To a Southwest/Midcontinent trader, the cash market did not seem to be unduly influenced by the screen. She noted that production-area physical prices continue to lag well behind November futures. Besides the obvious comparison of Henry Hub averaging about half a dollar below Tuesday’s screen settlement of $5.140, the trader pointed out that Waha basis Tuesday was about minus 70 cents, compared to what she said was usually about minus 20 cents in more conventional markets. Part of the reason for such a huge gap is the demand anomalies of a shoulder month, the trader said.

The outage of the Comanche Peak 2 nuclear unit is having little impact in the intrastate Texas and Permian/Waha markets, she continued, because “there’s not enough weather for it to make much of a difference.” The Midwest, however, was experiencing a number of nuclear plant outages, which could be driving stronger gas demand.

Pipeline linepack situations were shifting again. Northern Natural Gas let a System Underrun Limitation notice (indicating more gas in the pipe than desirable) lapse for Wednesday. The fuel buyer for a Midwestern utility connected to NNG system commented, “We’re in the 80s, above normal [for this time of year], and enjoying it.” Meanwhile, warmer weather in its market area was causing drafting of the Florida Gas Transmission system and prompted it to issue an Overage Alert Day notice Tuesday (see Transportation Notes).

One source said he tried to find some weather somewhere — anywhere! — to justify major price gains, but failed. He ticked off these near-term outlooks: Northeast, starting to warm up after early-week chill; South, widespread precipitation limiting highs to the 80s or less (and thus limited cooling load); Midcontinent/Midwest, unseasonable warmth sticking around for a while longer; and West, normally warm and dry except for a Pacific storm taking aim at the Pacific Northwest. Not exactly what he would call bullish, the source concluded.

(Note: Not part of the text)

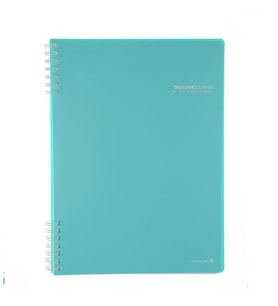 Morning Glory 4500 Easy Çizgili Defter 26,2x19 cm Su Yeşili 11210-89097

The National Hurricane Center quit issuing advisories Tuesday afternoon on former Hurricane Kate, which had become a tropical storm as it sped toward the north-northeast well to the east of Newfoundland. Except for a tropical wave in mid-ocean, the Atlantic tropical scene was quiet otherwise.

Lehman Brothers analyst Thomas Driscoll said cold weather last week led him to forecast an injection of 75 Bcf in this week’s EIA report. Such a volume would leave inventories at 2,863 Bcf, 217 Bcf lower than last year and 25 Bcf lower than the five-year average, he said. Driscoll’s analytical counterpart at Citigroup, Kyle Cooper, said his final storage report estimation is for a build of 68-78 Bcf, significantly higher than his initial guess of 60-70 Bcf.